The task
Going from the top of the data below, give again each line through the one containing "Women's Casual Hoodie", both ends kept.

Provided material
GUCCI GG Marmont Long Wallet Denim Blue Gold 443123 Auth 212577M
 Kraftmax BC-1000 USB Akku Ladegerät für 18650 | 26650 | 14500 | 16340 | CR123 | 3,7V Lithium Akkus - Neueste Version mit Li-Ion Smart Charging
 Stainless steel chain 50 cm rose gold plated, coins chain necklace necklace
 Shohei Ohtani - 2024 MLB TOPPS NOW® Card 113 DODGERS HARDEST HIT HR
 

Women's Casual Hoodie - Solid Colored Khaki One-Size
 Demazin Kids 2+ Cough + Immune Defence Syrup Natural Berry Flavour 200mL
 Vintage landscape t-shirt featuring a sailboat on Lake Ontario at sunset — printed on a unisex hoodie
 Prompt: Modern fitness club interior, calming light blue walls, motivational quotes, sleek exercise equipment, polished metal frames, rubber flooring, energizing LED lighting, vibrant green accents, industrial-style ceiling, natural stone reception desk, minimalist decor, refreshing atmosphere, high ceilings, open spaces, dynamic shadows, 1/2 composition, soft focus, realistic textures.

Response
GUCCI GG Marmont Long Wallet Denim Blue Gold 443123 Auth 212577M
 Kraftmax BC-1000 USB Akku Ladegerät für 18650 | 26650 | 14500 | 16340 | CR123 | 3,7V Lithium Akkus - Neueste Version mit Li-Ion Smart Charging
 Stainless steel chain 50 cm rose gold plated, coins chain necklace necklace
 Shohei Ohtani - 2024 MLB TOPPS NOW® Card 113 DODGERS HARDEST HIT HR
 

Women's Casual Hoodie - Solid Colored Khaki One-Size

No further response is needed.